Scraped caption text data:
-- Opening Marker --

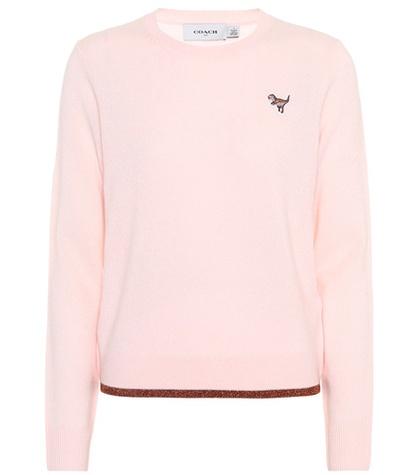 Gianvito Rossi Wool And Cashmere Crewneck Sweater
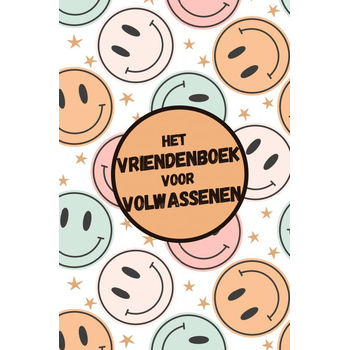 Het vriendenboek voor volwassenen (Paperback) bij Singel 344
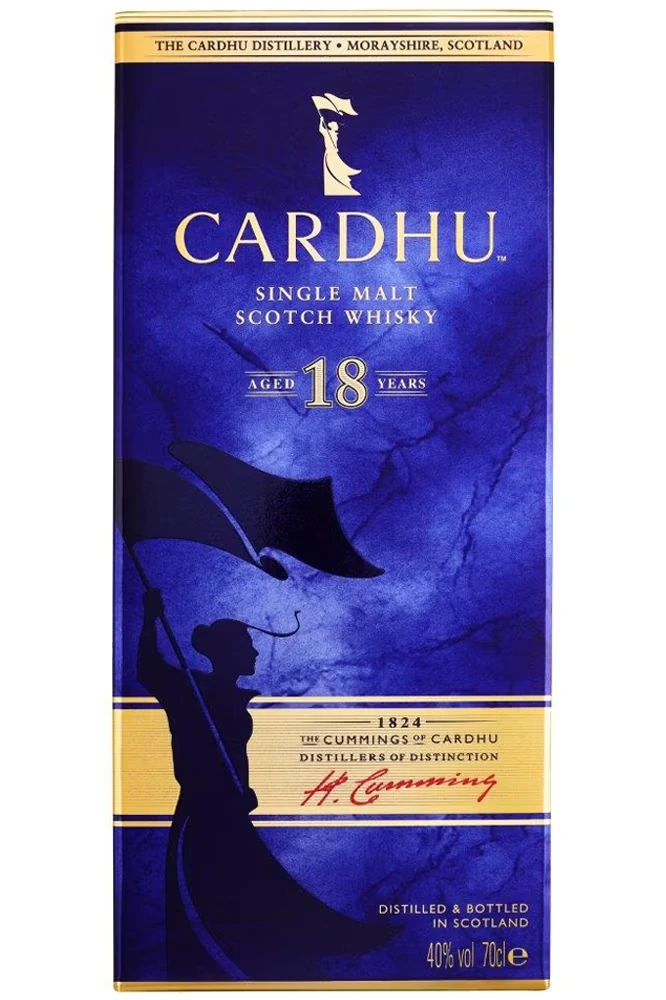 Cardhu 18 Jahre Geschenkbox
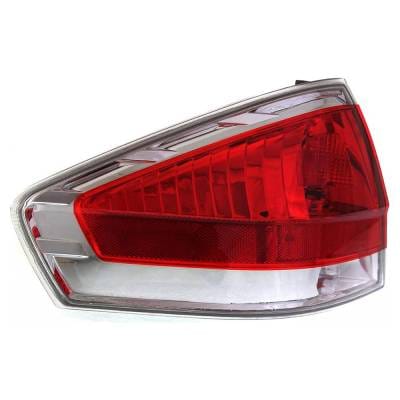 Left Tail Light Compatible With Ford Focus Sel Sedan 4 Door 2.0L 2009 2010 2011 By Part Number 9S4z thumbnail 6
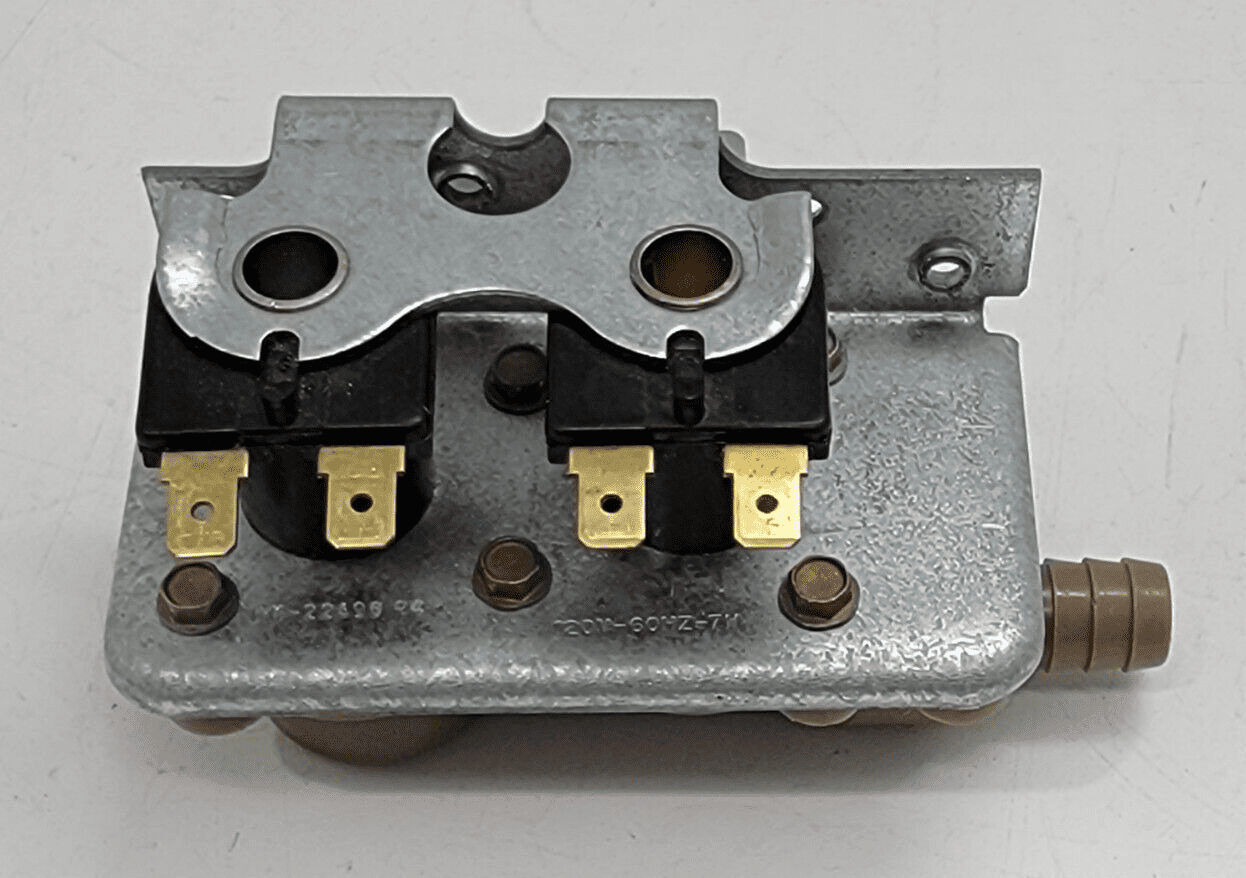Genuine WasherDryer GE Water Inlet Valve PartBK 22496 94 404701299465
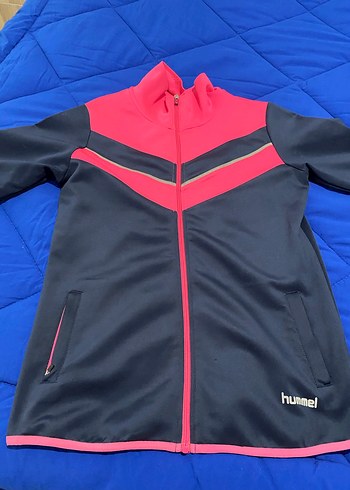 Kadın Hummel Fermuarlı Spor Ceket - Görsel 2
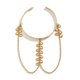 thumbnail image 1 of Joyería del puño del brazo para las mujeres, pulsera de la cadena del brazo de la borla de la joyería de las bandas del brazo de la joyería del brazo superior ajustable, 1 of 5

-- Closing Marker --

(Goal of the exercise)
Set down only the lines from the one with "Genuine WasherDryer GE" through the end of the entries, exactly as they appear, leaving out each picture.

(Solved problem)
Genuine WasherDryer GE Water Inlet Valve PartBK 22496 94 404701299465
 Kadın Hummel Fermuarlı Spor Ceket - Görsel 2
 thumbnail image 1 of Joyería del puño del brazo para las mujeres, pulsera de la cadena del brazo de la borla de la joyería de las bandas del brazo de la joyería del brazo superior ajustable, 1 of 5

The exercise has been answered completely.